もさすがに、今の時代にそれをそのままつくったら叱られてしまいます。
建築に関心のある方々も決して伝統スタイルが嫌いではないし、むしろ僕も含めて伝統ファンは多いのですが、今日、新築するモデルハウスに伝統的なものをそのままというのではあまりに拙いという気持ちは共通に持っておられるようです。
僕が日頃からおつきあいしている、伝統町家が一番と言っている棟梁にしても、明治から戦前にある町家のスタイルのままではダメだろうと。
何か今日的なものを出して前に進めてやらなくてはと言うんですね。
確かに伝統の町家は、家の中に土間の庭があったり、しっとり暗くて落ち着いた魅力がありますが、日常生活するには、暗くて寒いのはちょっと居心地が悪いですよね。
そこで今回の設計では中の間を吹き抜けにしてトップライトから燦々と光が降り掛かる明るい町家にしてみよう、と。
ムクの材現しの木組みと、小舞竹下地土塗り壁という構造や素材はまったく伝統のままで、空間構成がモダンというもの。
結構、評判いいですね。

で、この設計で北山丸太はどこに使われるかというと、実は構造材は全部京都の杉なんですね。

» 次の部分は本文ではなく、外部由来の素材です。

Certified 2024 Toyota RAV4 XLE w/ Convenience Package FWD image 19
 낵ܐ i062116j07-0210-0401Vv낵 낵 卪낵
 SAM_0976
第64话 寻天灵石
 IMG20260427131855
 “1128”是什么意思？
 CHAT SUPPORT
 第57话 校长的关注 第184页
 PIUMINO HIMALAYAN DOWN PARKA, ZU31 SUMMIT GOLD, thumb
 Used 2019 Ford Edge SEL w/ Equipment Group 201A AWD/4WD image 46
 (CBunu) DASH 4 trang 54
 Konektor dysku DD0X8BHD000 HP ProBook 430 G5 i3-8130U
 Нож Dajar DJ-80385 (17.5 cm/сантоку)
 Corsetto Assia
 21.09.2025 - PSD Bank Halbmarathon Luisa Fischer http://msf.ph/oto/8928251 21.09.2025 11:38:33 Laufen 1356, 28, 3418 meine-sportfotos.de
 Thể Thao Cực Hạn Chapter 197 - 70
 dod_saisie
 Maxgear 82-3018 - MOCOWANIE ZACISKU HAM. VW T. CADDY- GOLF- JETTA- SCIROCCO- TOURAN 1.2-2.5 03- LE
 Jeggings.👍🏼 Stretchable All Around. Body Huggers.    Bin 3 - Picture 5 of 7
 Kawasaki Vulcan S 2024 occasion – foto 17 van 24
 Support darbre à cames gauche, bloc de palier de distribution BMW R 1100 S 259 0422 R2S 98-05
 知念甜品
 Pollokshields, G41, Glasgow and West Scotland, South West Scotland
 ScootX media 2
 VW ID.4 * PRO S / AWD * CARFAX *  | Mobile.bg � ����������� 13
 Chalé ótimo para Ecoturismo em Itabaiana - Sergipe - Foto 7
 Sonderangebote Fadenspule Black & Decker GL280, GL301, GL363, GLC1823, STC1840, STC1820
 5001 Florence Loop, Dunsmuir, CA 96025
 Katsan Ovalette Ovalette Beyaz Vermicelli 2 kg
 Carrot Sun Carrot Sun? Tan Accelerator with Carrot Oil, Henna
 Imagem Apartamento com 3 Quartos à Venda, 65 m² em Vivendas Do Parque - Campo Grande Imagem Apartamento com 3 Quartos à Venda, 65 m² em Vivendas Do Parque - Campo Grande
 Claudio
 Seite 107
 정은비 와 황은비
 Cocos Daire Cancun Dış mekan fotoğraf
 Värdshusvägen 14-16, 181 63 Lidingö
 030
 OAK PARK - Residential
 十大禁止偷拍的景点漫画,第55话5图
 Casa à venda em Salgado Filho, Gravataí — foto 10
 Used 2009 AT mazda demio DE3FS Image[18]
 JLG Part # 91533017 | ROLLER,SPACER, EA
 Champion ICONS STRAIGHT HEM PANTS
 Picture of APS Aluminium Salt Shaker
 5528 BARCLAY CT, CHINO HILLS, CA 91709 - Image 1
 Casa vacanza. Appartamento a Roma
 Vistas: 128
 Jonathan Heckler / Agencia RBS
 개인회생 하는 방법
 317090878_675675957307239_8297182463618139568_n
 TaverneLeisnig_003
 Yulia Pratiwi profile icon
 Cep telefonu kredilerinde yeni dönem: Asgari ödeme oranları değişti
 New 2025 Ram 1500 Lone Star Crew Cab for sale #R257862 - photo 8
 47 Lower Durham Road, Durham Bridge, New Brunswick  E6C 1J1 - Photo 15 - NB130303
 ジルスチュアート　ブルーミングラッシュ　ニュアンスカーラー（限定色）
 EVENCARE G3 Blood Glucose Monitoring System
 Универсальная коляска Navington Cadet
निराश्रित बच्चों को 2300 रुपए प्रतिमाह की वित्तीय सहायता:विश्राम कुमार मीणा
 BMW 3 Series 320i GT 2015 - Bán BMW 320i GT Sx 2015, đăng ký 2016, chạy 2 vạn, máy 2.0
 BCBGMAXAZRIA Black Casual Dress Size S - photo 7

床の間が1階の座敷、2階の寝室に床の間代わりの地袋があるのですが、床柱に北山丸太を用いません。
今回はあえて飾りっ気無しの、素っ気ない家をつくろうと思っています。
ただ、2階の寝室の床の間の反対側に北山丸太を使おうと考えています。
全体の空間のほぼ中央にあって、壁の見切り材として、斜め天井まで突き抜けて2室をつなぐ役目をしていますから、ある意味で主役とも見えるとても大事な柱ですね。
ここに使うことで、空間の連続感が明確になり、肌の丸みでやわらかな印象が空間にニュアンスを演出してくれるはずです。
こういう使い方は伝統的な木造住宅に限らず、今の大壁の家や鉄筋コンクリートの空間、マンションにも可能でしょう。
たった1本だけ、手をかけて空間に入れ込んでやるだけでいいと思います。